Example: Father='ala', Mother='la', we have S = 'ala'+'la' = 'alala'. Potential prefix-suffix strings of S are {'a', 'ala', 'alala'}. Given the string S, could you help the little cat to write a program to calculate the length of possible prefix-suffix strings of S? (He might thank you by giving your baby a name:) 

Input

The input contains a number of test cases.
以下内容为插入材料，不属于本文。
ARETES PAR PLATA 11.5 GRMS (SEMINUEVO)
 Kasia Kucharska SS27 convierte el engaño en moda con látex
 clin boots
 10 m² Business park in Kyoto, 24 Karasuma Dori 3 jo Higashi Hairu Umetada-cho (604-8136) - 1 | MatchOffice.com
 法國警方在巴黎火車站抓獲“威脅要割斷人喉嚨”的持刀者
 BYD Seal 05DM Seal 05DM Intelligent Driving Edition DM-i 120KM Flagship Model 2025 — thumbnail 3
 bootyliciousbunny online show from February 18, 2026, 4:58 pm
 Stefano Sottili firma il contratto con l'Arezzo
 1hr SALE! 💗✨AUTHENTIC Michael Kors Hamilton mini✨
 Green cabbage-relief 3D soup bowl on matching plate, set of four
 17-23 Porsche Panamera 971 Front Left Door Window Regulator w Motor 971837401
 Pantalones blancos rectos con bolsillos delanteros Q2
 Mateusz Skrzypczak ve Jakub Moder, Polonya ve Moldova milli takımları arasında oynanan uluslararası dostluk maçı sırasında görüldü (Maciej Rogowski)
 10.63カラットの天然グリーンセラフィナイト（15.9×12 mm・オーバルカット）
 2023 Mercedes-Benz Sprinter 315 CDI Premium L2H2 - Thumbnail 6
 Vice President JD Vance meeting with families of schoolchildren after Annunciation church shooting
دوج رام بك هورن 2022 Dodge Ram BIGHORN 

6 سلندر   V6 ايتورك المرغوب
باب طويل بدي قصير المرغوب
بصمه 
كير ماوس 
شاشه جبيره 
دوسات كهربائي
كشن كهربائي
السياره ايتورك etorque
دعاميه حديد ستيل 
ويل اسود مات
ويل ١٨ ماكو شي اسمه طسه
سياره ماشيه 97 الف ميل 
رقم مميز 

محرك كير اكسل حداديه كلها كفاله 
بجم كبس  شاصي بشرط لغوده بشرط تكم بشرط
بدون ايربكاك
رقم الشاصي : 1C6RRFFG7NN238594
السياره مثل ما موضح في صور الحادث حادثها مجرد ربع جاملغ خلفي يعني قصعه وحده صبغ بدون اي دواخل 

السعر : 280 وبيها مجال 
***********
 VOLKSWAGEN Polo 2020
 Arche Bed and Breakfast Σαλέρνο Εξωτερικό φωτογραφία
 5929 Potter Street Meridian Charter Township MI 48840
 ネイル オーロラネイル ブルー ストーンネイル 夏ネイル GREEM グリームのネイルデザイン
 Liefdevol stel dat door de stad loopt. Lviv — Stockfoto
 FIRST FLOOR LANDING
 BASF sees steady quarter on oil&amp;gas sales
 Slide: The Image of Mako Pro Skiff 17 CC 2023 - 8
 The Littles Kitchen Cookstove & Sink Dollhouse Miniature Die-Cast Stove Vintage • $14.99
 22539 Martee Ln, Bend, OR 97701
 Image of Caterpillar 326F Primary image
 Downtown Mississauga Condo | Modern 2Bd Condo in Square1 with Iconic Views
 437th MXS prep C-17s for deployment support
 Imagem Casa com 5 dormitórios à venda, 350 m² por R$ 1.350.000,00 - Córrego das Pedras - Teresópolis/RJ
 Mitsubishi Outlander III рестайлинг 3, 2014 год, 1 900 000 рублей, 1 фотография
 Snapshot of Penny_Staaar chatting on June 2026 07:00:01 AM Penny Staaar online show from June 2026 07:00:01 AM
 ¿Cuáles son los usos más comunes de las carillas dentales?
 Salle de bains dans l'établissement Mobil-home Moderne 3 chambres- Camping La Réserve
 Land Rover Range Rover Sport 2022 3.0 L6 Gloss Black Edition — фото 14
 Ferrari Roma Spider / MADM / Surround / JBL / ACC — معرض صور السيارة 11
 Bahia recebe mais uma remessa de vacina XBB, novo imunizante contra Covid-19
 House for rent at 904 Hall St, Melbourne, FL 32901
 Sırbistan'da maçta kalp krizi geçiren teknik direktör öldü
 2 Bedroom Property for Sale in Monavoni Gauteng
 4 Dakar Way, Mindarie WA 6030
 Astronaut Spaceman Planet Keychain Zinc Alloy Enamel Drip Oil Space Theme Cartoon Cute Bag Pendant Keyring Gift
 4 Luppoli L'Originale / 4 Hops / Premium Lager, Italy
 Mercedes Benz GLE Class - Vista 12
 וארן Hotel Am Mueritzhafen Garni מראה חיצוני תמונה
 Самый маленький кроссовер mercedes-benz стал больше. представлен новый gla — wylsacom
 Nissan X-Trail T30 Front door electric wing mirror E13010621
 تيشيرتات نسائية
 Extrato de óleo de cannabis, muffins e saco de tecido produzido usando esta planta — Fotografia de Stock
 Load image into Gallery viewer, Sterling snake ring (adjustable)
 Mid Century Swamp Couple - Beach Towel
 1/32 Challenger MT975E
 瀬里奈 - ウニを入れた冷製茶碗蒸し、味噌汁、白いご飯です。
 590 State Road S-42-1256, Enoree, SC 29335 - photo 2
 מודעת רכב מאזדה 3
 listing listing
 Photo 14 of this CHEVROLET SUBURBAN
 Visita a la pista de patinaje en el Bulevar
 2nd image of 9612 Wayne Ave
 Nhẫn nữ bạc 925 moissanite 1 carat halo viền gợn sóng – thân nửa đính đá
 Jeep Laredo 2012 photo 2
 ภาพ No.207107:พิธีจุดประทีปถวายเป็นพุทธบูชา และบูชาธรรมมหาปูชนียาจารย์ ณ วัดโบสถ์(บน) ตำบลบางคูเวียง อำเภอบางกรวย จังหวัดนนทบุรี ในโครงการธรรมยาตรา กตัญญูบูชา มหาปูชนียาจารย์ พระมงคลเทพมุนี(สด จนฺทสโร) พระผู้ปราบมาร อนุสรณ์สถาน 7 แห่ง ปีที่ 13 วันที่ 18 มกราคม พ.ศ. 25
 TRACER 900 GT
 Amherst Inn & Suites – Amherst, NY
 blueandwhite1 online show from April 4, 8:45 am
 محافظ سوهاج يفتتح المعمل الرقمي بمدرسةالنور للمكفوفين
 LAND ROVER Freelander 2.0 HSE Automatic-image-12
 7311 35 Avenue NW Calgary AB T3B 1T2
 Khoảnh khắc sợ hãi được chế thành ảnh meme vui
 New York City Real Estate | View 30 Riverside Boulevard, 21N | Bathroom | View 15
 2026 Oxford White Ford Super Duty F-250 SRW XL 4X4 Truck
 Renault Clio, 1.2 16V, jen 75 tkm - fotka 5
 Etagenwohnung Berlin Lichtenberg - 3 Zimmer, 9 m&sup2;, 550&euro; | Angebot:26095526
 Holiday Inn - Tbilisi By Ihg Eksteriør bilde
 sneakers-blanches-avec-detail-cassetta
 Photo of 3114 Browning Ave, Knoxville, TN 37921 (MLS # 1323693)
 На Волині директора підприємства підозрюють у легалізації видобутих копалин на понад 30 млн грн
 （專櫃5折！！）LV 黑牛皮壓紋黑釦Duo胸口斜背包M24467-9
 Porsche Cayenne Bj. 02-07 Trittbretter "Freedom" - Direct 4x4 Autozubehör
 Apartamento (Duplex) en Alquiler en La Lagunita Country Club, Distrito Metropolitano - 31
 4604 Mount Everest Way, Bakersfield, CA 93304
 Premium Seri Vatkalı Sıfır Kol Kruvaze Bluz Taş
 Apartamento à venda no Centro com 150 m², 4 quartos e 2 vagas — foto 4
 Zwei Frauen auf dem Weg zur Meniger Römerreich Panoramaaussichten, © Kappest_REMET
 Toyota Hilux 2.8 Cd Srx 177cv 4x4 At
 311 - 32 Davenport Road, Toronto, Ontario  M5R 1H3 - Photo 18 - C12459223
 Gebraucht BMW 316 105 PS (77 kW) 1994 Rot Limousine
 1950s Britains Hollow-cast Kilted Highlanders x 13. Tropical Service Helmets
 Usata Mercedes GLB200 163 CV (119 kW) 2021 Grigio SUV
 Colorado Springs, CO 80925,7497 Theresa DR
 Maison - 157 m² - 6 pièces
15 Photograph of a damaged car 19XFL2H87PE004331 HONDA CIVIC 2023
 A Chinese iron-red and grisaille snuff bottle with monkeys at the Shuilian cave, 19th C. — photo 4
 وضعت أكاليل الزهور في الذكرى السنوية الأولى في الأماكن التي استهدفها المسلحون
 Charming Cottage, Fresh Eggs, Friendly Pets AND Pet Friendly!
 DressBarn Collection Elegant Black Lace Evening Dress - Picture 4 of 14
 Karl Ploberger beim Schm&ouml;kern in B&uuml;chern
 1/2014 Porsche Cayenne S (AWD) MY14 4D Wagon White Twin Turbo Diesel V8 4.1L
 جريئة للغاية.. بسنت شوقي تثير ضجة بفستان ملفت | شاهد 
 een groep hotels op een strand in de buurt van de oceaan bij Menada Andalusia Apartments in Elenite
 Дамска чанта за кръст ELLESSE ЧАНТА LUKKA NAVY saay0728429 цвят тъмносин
Each test case occupies a single line that contains the string S described above. 

Restrictions: Only lowercase letters may appear in the input. 1 <= Length of S <= 400000. 

Output

For each test case, output a single line with integer numbers in increasing order, denoting the possible length of the new baby's name.

Sample Input

ababcababababcabab
aaaaa

Sample Output

2 4 9 18
1 2 3 4 5

题意：找出所给串的所有前缀长度，使得所给串中这个长度的前缀==这个长度的后缀 
思路：s是既是自身的前缀也是自身的后缀。这个问题利用KMP算法的next[]数组来解。首先对于输入的字符串s，计算其next[]数组。然后，根据next[]数组的值进行进一步的计算。还需要知道的是next[]数组的定义。对于字符串s的第i个字符s[i]，next[i]定义为字符s[i]前面最多有多少个连续的字符和字符串s从初始位置开始的字符匹配。从后到前匹配前缀和后缀。如果前缀与后缀匹配，则下一个前缀与后缀匹配的字符串只能在前缀中。

AC代码：

#include <stdio.h>
#include <math.h>
#include <iostream>
#include <string>
#include <string.h>
#include <algorithm>
#include <map>
#include <vector>
#include <queue>
#include <stack>
#define PI 3.1415926
#define maxx 1000010
using namespace std;
char s[maxx];
int nex[maxx];
int ans[maxx];
void Getnextval(char *p)
{
    int plen=strlen(p);
    int i=0;
    int j=-1;
    nex[0]=-1;
    while (i<plen)
        if(j==-1 || p[i]==p[j])
            nex[++i]=++j;
        else
            j=nex[j];
}
int main()
{
    int i,j,k;
    while(~scanf("%s",s))
    {
        k=0;
        Getnextval(s);
        int slen=strlen(s);
        j=nex[slen];
        while(j>0)
        {
            ans[k++]=j;
            j=nex[j];
        }
        for(i=k-1; i>=0; i--)
            printf("%d ",ans[i]);
        printf("%d\n",slen);
    }
    return 0;
}